With pictures excluded, copy word for word the lines in the data below from the line containing "The miniature railway, station" through the line containing "The sun is hiding behind the cloud.".

DATA UNDER STUDY:
*****
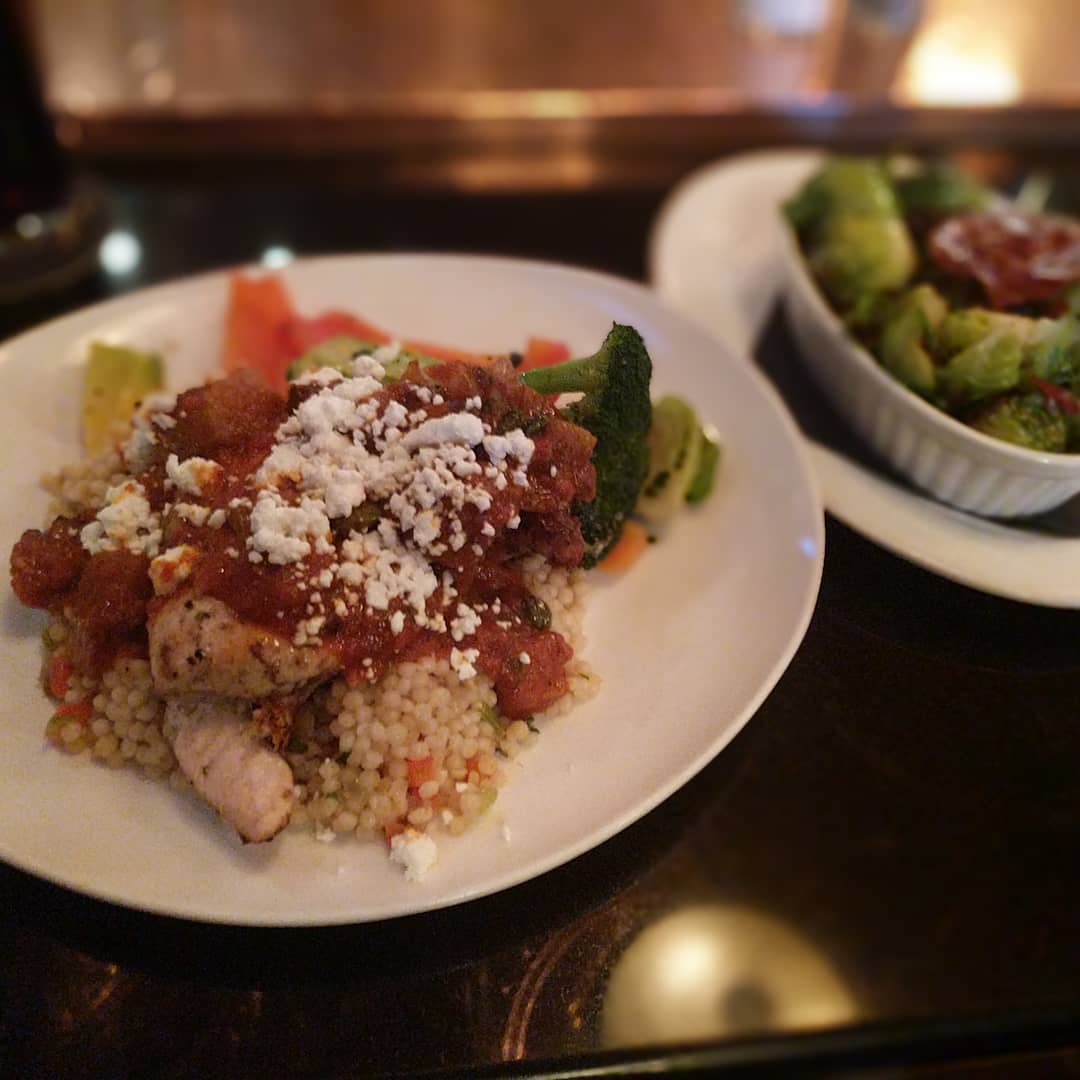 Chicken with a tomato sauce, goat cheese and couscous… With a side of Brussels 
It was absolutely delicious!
*****
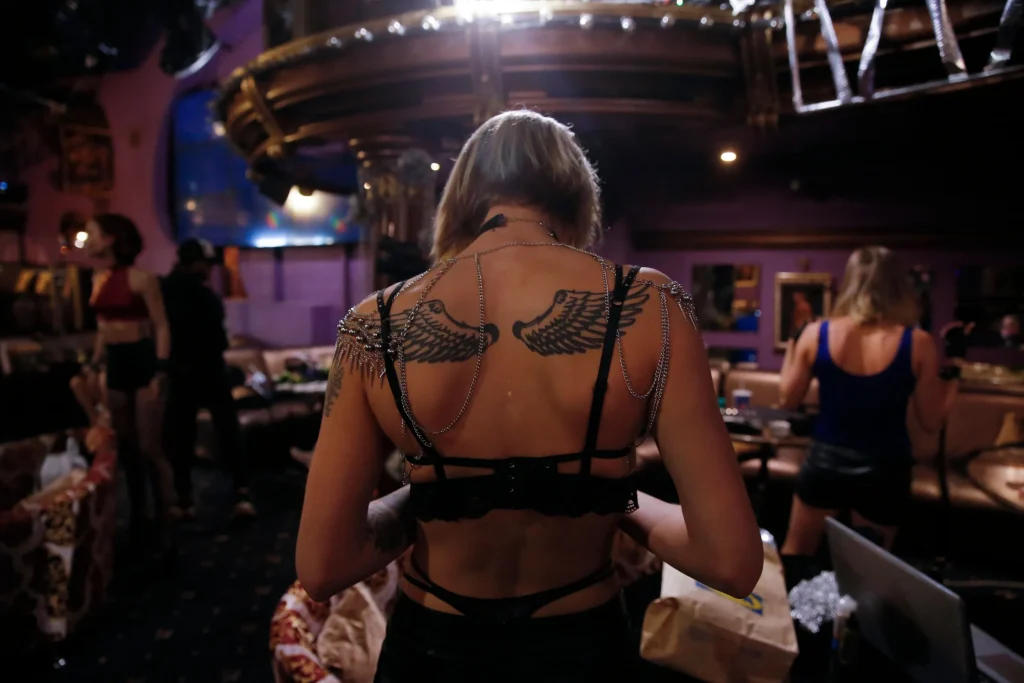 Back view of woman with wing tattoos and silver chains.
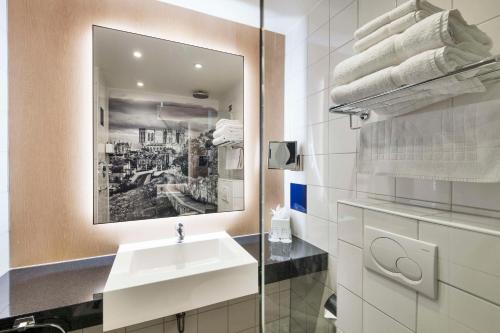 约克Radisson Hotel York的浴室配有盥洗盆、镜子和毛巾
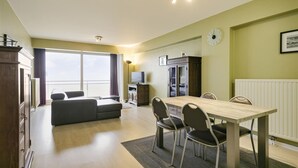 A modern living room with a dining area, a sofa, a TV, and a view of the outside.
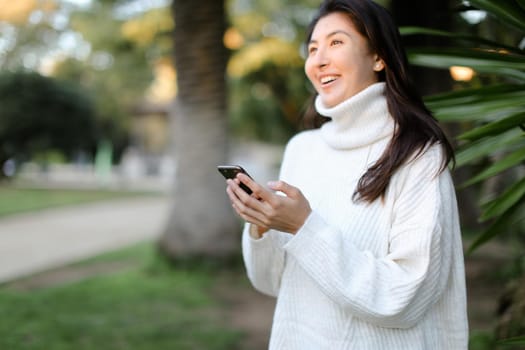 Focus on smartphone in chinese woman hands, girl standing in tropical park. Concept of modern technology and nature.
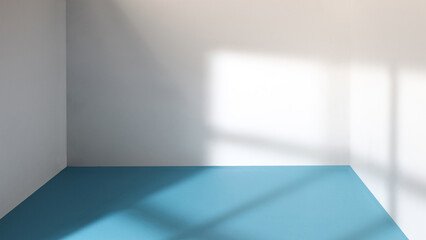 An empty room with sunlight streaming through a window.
*****
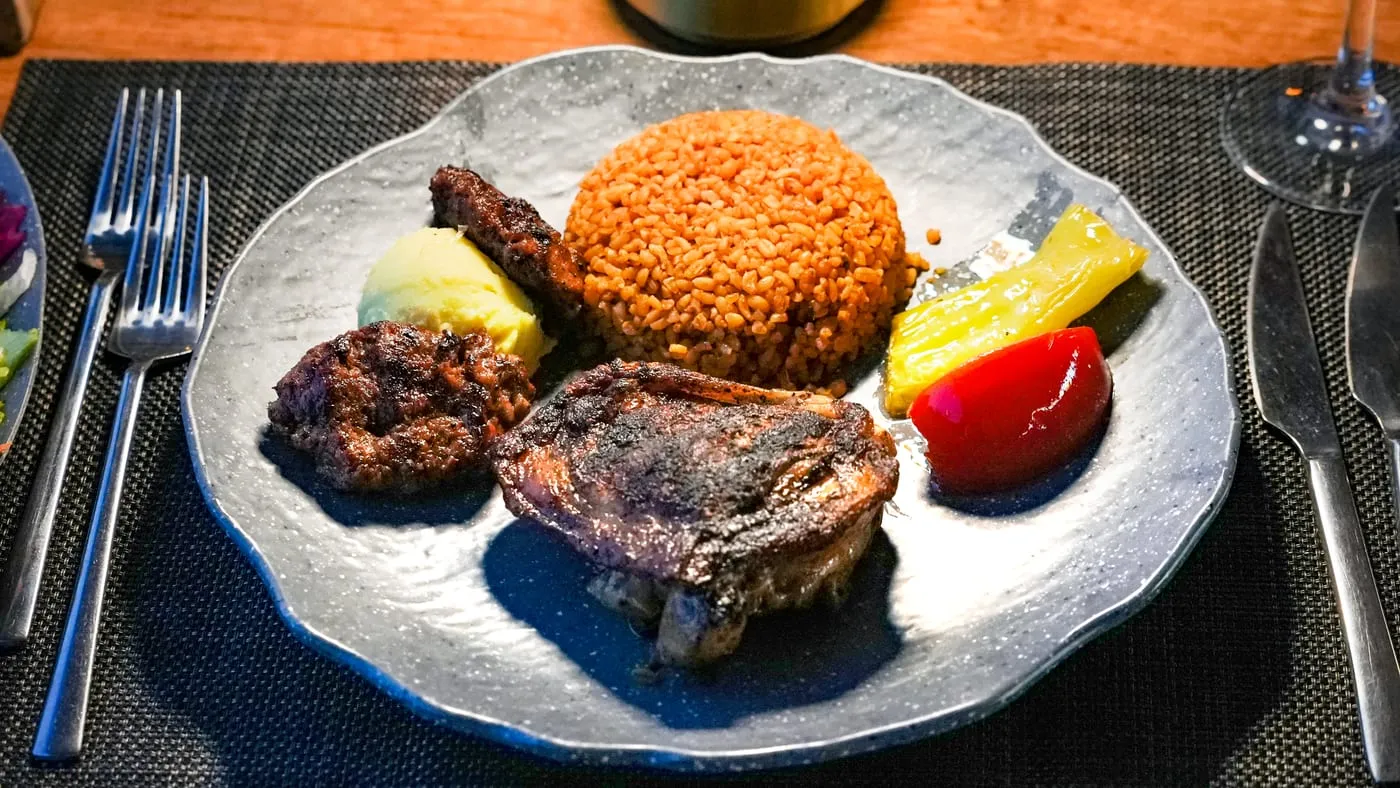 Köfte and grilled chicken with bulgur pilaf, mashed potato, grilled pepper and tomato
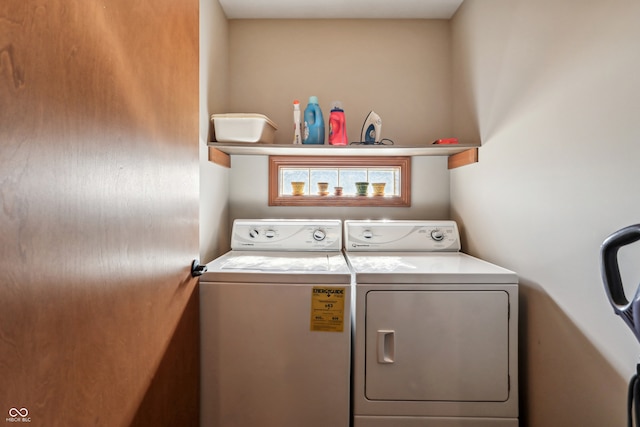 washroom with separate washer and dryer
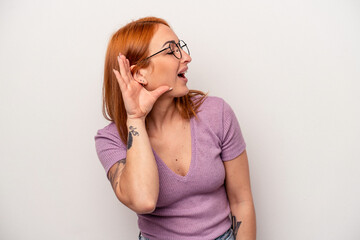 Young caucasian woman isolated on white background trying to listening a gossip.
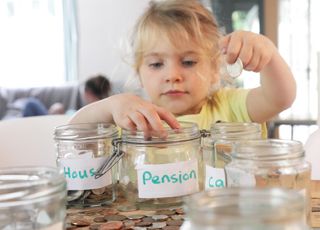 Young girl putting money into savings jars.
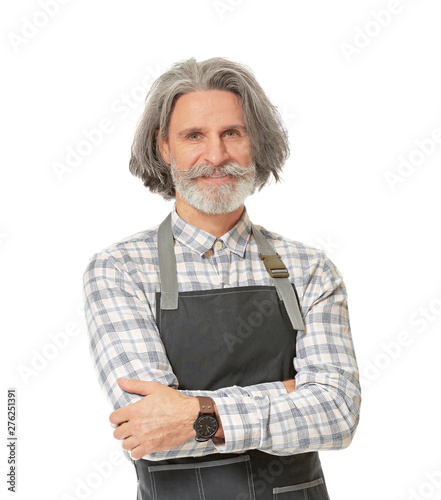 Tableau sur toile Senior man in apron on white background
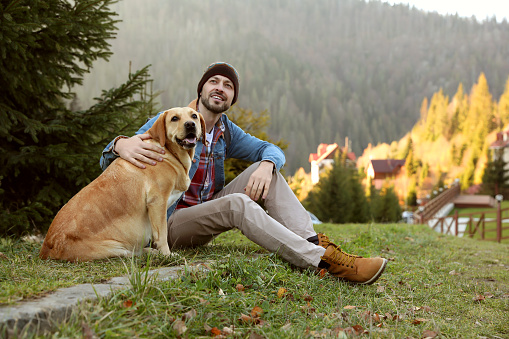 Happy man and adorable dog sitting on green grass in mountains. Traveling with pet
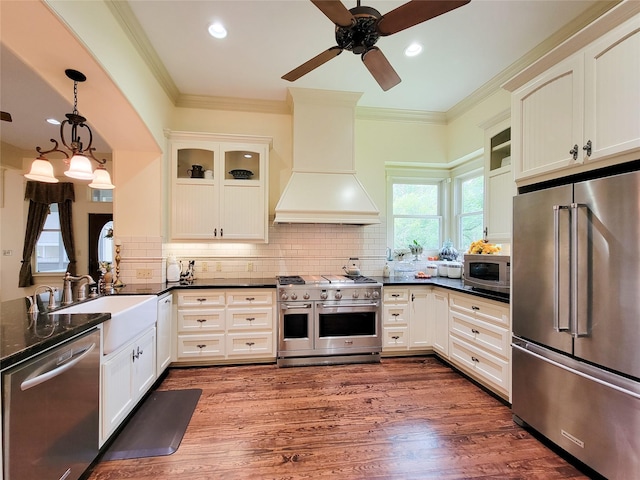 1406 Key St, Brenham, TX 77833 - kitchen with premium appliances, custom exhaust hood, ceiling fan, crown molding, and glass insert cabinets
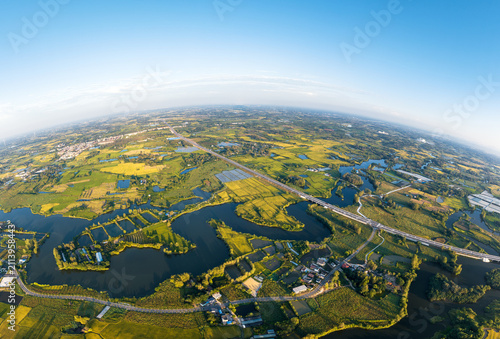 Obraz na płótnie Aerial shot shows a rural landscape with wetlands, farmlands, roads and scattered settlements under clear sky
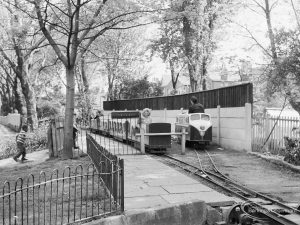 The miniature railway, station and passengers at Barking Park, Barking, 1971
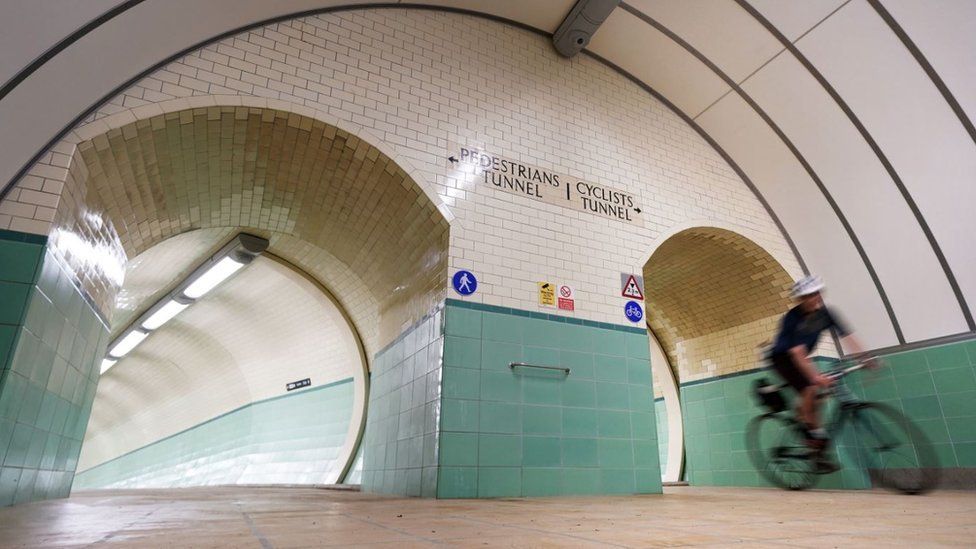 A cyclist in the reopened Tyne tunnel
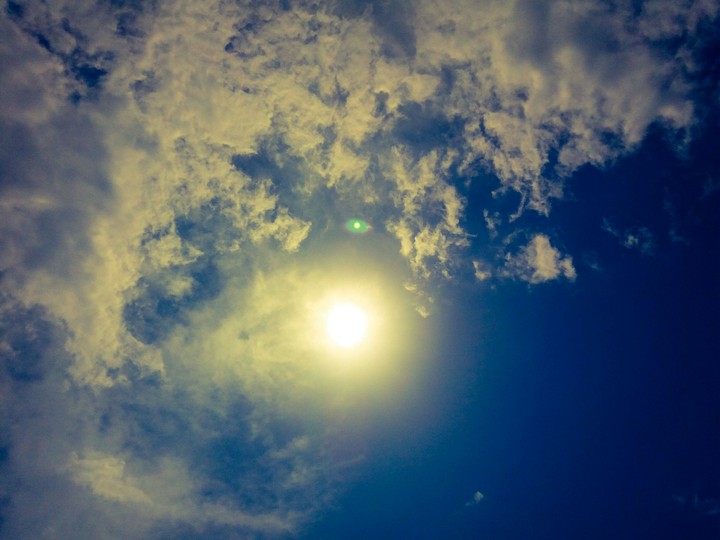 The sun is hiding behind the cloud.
*****
ANSWER SECTION:
 The miniature railway, station and passengers at Barking Park, Barking, 1971
 A cyclist in the reopened Tyne tunnel
 The sun is hiding behind the cloud.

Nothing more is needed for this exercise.